= Technical fall =

Point-based victory condition in wrestling

In amateur wrestling, a technical fall, or technical superiority, is a victory condition satisfied by outscoring one's opponent by a specified number of points. It is a mercy rule. It is informally abbreviated to "tech" as both a noun and verb.

==High school and college==
In scholastic wrestling, a differential of fifteen points ends a match regardless of when it is reached. In collegiate wrestling, a pin may still be awarded as a continuation of a near fall even if the necessary point differential is reached while achieving it.

==United World Wrestling==
Under the old rules of freestyle and Greco-Roman wrestling, a ten-point differential ended the match.

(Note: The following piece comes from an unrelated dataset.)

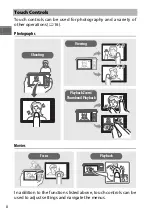 Preview for 4 page of Nikon 1J5 Reference Manual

Under the rules adopted in 2004–05 by United World Wrestling (then known as FILA), the international styles moved to a three-period system similar to a best of three series; the technical fall won only the period, as opposed to a pin, which ends the match entirely. However, if a wrestler won two out of three periods in this way, he was then the winner of the match by technical superiority. The international styles moved to a two-period system in 2006, with scoring continuing to accumulate throughout the match until its end. Accordingly, a technical fall was once again awarded once a specified point differential was reached.

As of 2019, UWW rules specify that a technical fall, officially termed "technical superiority", occurs once a wrestler leads by 10 points in freestyle or 8 points in Greco-Roman.